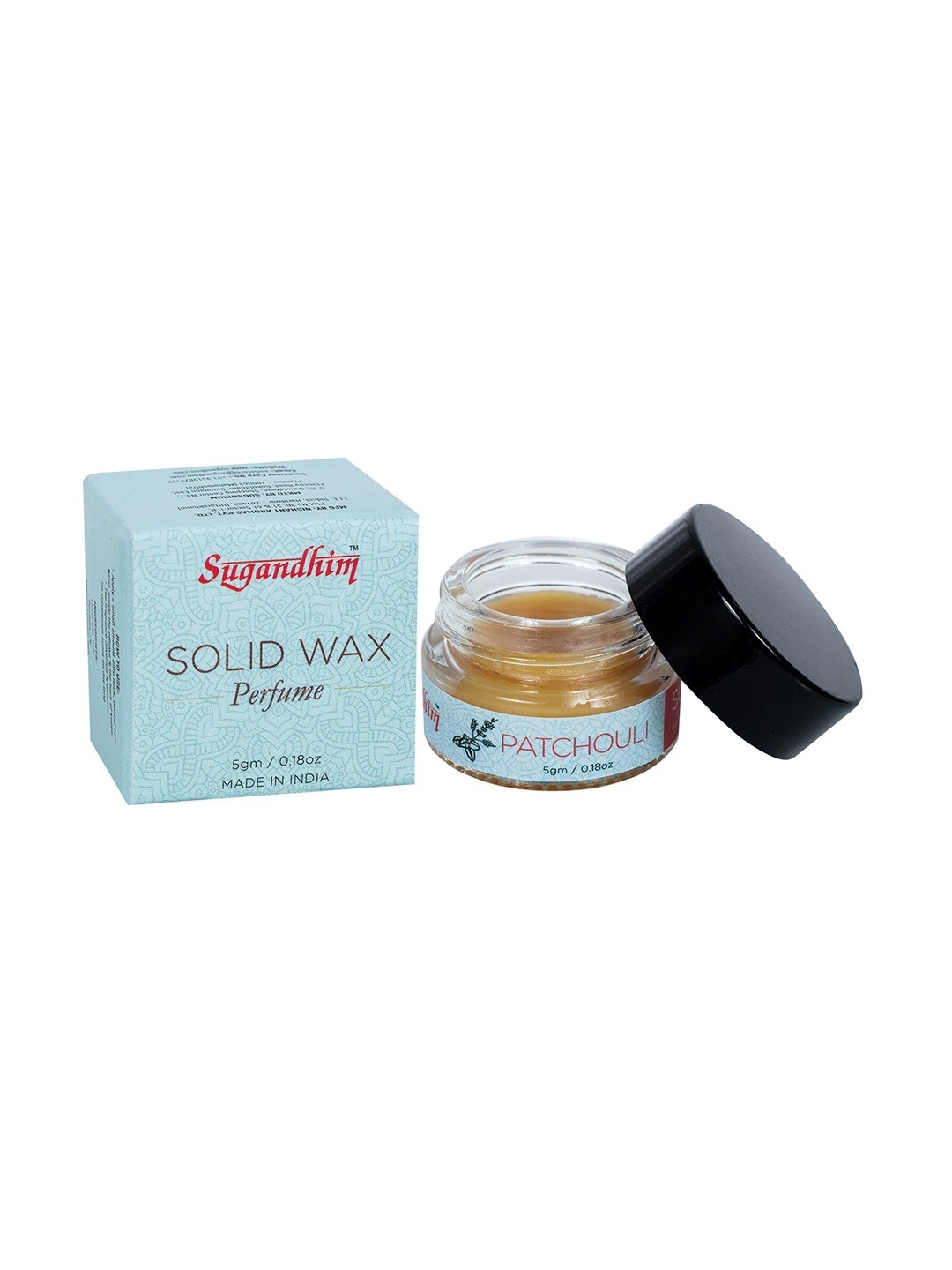 

Sugandhim Patchouli Solid Wax Long Lasting Perfume - 5 g, Blue
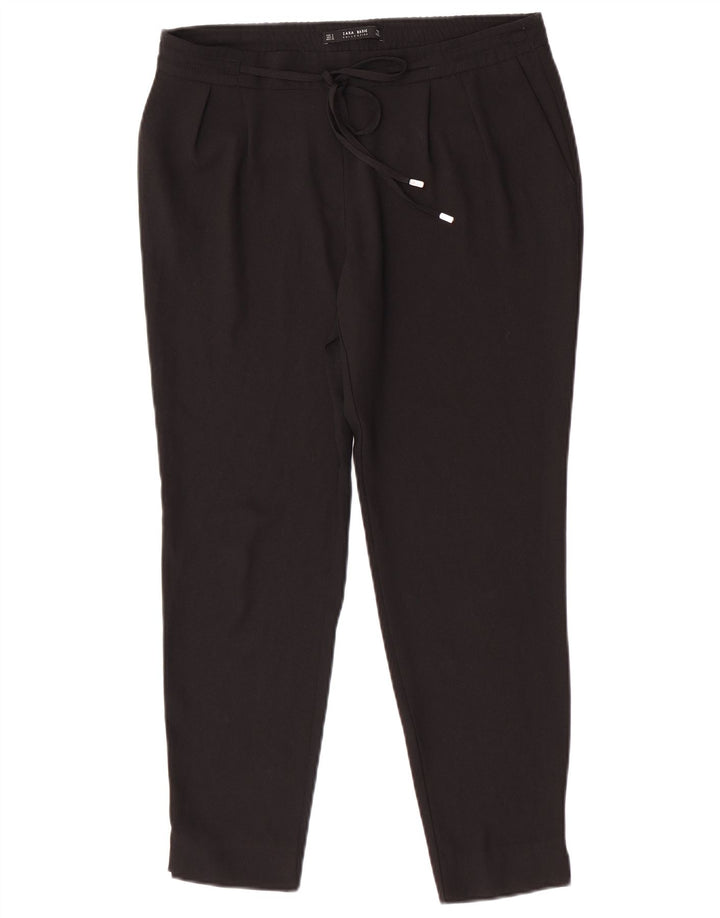 Zara Slim Chino Bukser Small W30 L27 Sort Polyester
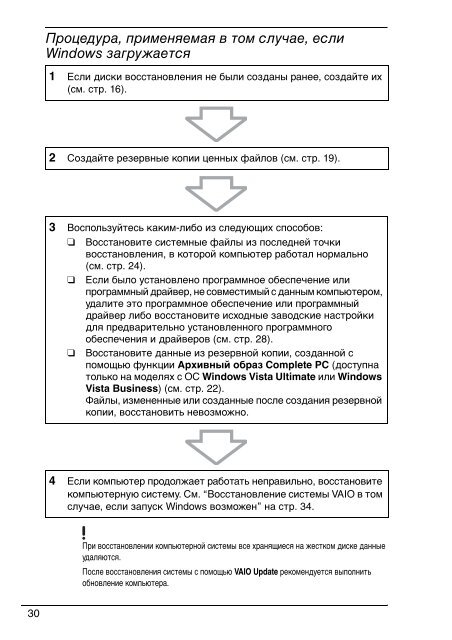 Sony VGN-Z41ZRD - VGN-Z41ZRD Guide de d&eacute;pannage Ukrainien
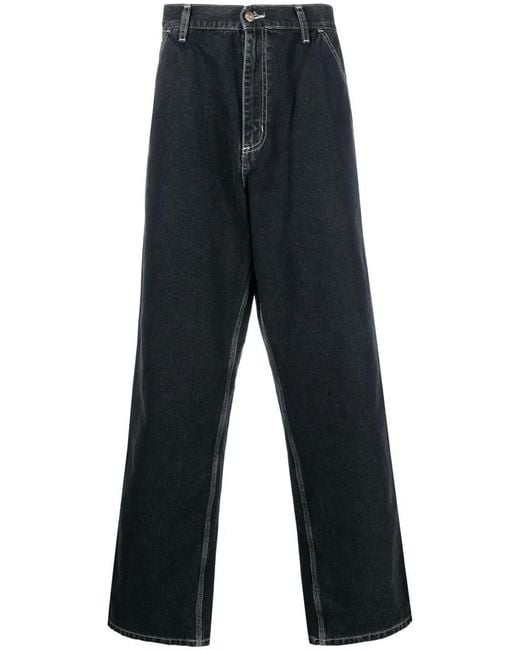 Carhartt Blue Simple Pant for men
★ ★ ★
The copy must match every line of the data exactly and contain no pictures.

» Answer space
Sugandhim Patchouli Solid Wax Long Lasting Perfume - 5 g, Blue
 Zara Slim Chino Bukser Small W30 L27 Sort Polyester
 Sony VGN-Z41ZRD - VGN-Z41ZRD Guide de d&eacute;pannage Ukrainien
 Carhartt Blue Simple Pant for men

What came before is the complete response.